Milestone 3 README

This package will include R packages that implement k-means clustering from scratch. This will work on any dataset with valid numerical features, and includes fit, predict, and cluster_summary functions, as well as as elbow and silhouette methods for hyperparameter “k” optimization. A high level overview of each function is given below. See each function’s documentation for more details.

  • fit: This function classifies the non-labeled data into a given number of clusters k using simple KMeans algorithm. It returns labels for each data point according to the cluster it belongs and also cluster centers. This is a type of unsupervised learning method to classify data.

  • predict: Assigns each point in a dataset to a cluster. Dataset has to be in the same format as the original dataset the model was fit on.

  • elbow: Creates a plot of inertia vs number of cluster centers as per the elbow method. Calculates and returns the inertia values for all cluster centers. Useful for identifying the optimal number of clusters while using k-means clustering algorithm.

  • silhouette: Returns the average silhouette score of each sample in a given 2-d array and clustering labels.

  • cluster_summary: Provides summary of groups created from Kmeans clustering, including centroid coordinates, number of data points in training data assigned to each cluster, and within-cluster distance metrics.

There is a python package sklearn.cluster.KMeans that has similar functions, and a built in k-means function in R. These packages are not meant to add to the existing ecosystem; they are rather intended to deepen fundamental understanding of these algorithms.

Installation

This will not work in the current state of the package

Please clone the repository and run the files and functions locally.

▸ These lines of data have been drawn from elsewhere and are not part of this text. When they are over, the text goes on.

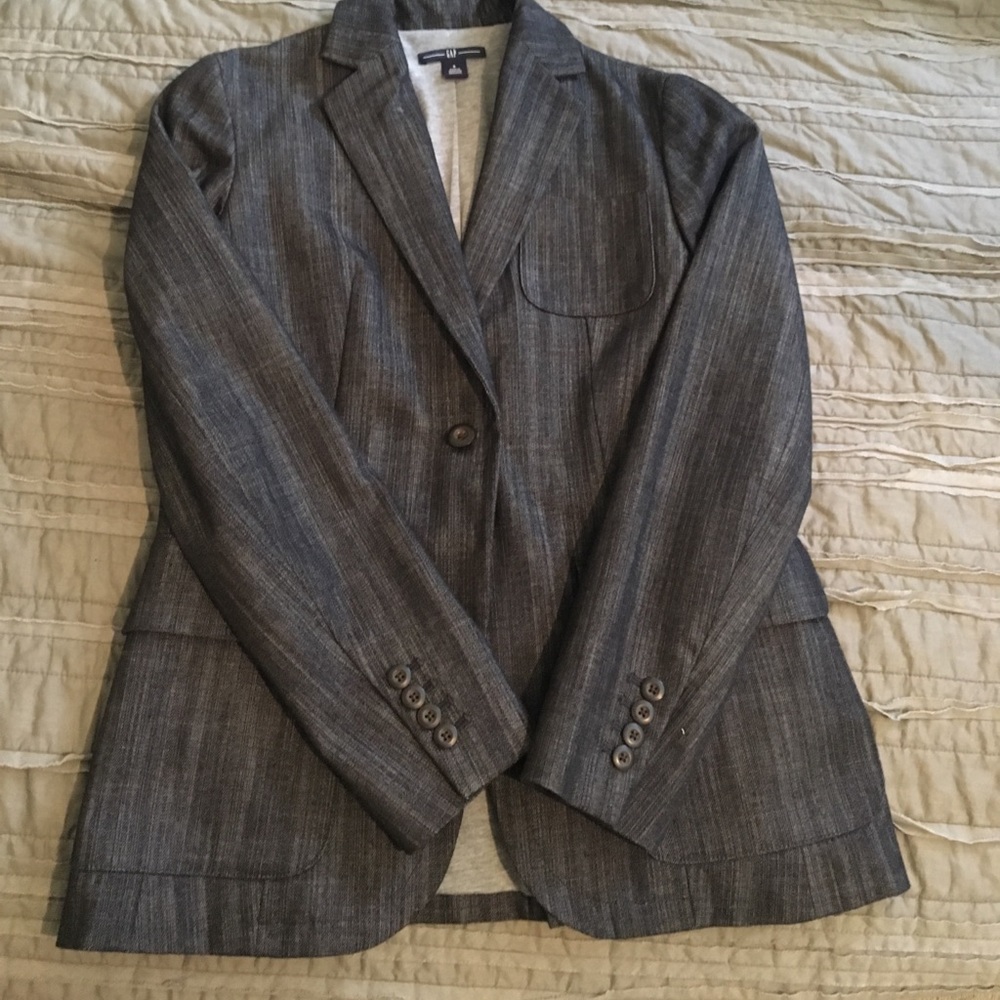 Gap Demin Blazer. Size 8. EUC!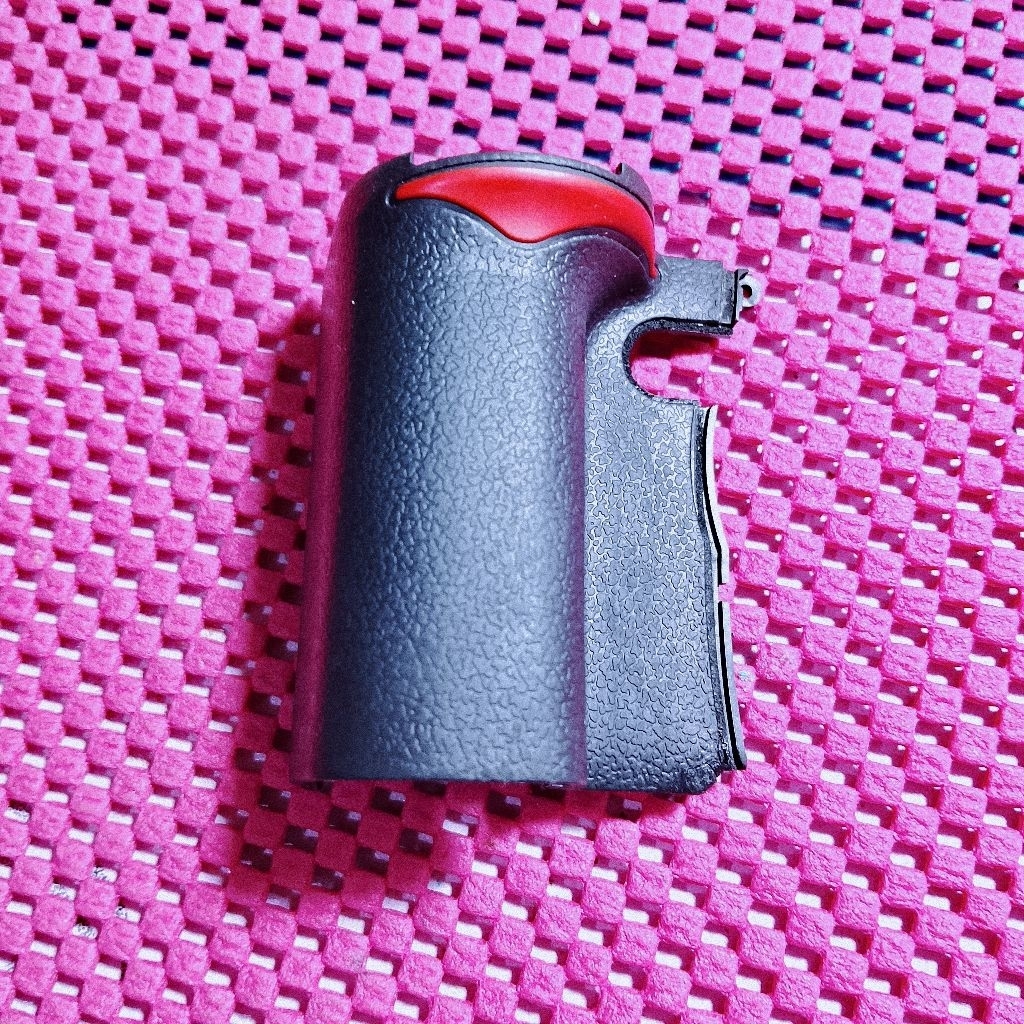 Rubber Grip kanan kamera Nikon D7000 ori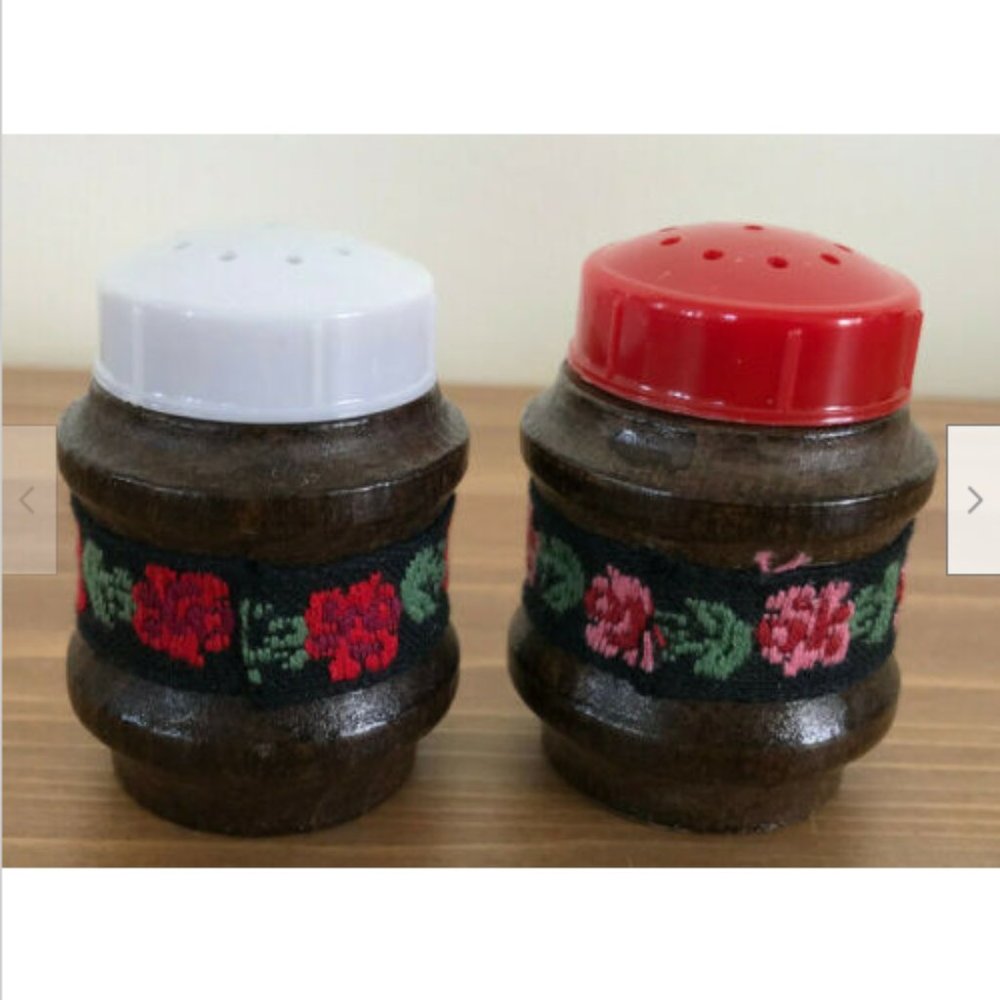 Wooden Salt & Pepper 2" Shakers w/ Scandinavian Flower Ribbon Design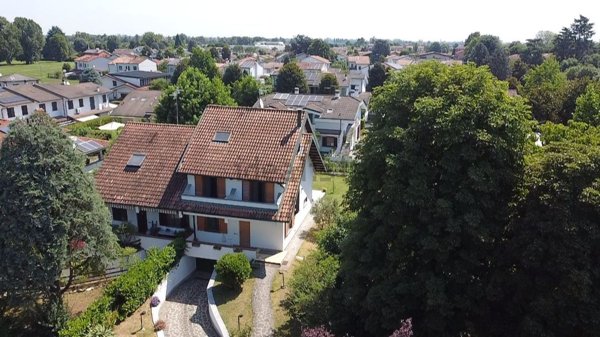 casa indipendente in vendita a Dresano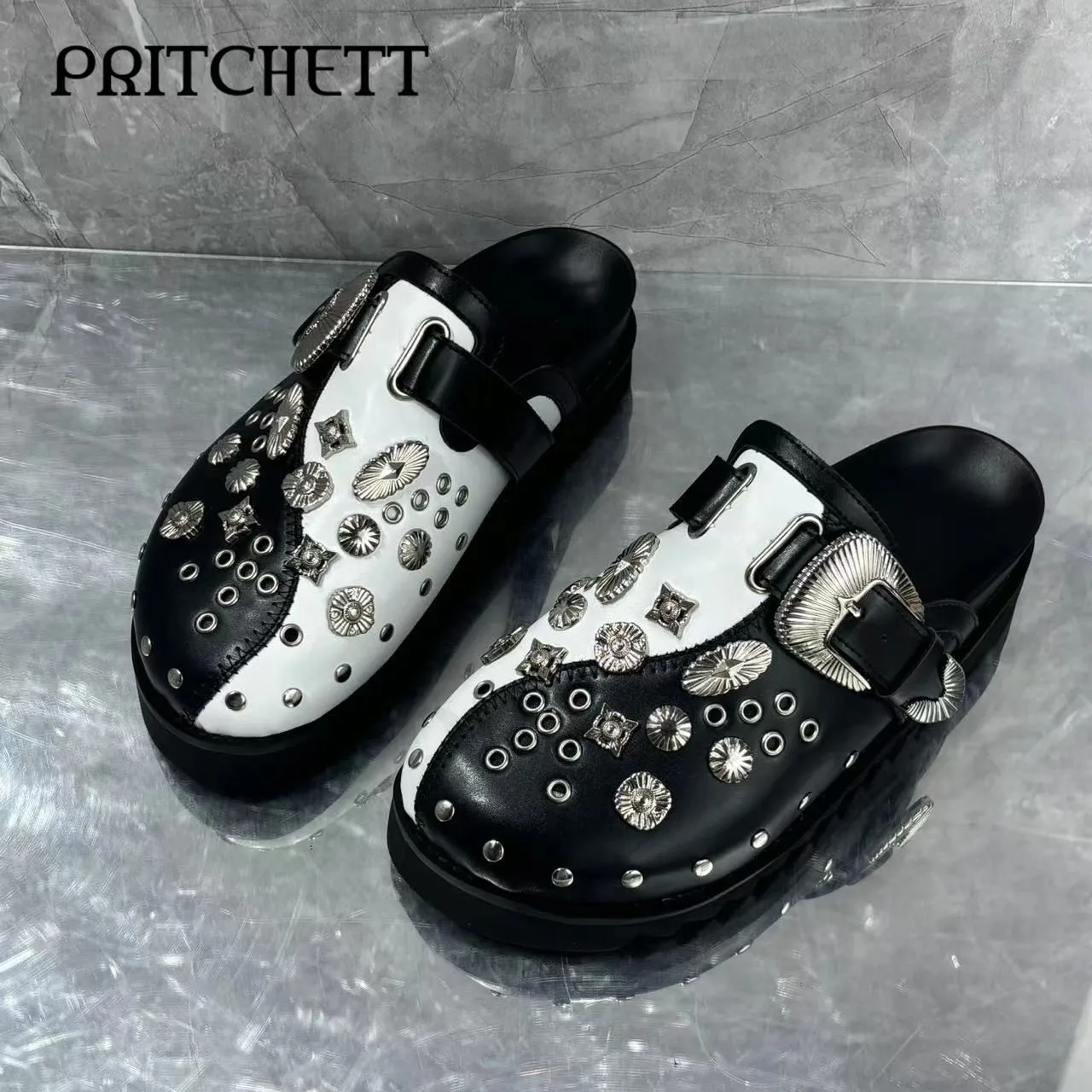 Black and White Belt Mule Buckle Slippers with Color Matching Round Toe Thick Soles Retro Rivets Casual Fashion Sandals for Men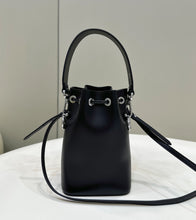 Load image into Gallery viewer, Fendi Mon Tresor Mini Bag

You can install the released version of Kmeans from CRAN with:

And the development version from GitHub with:

Usage

This is a basic example which shows you how to solve a common problem:

#library(Kmeans)
X = data.frame(x1 = c(1, 2, 3, 5, 53, 21, 43),
               x2 = c(1, 2, 3, 5, 53, 21, 43))
kmeans_results = fit(X, 2)
X_new = data.frame(x1 = c(1, 4),
                   x2 = c(3, 2))
predict(X_new, kmeans_results$centers)

X <- data.frame(x1 = c(1, 2, 3, 5, 53, 21, 43),
                x2 = c(1, 2, 3, 5, 53, 21, 43))
centers <- c(2, 3, 4, 5)
inertia <- elbow(X, centers)$inertia

k_vector <- c(2, 3, 4, 5)
scores <- silhouette(X, k_vector)$scores

cluster_summary(X, kmeans_results$centers, kmeans_results$labels)

Tests

To test that the functions work as intended, run devtools::test() in the root of the project repo in an Rconsole.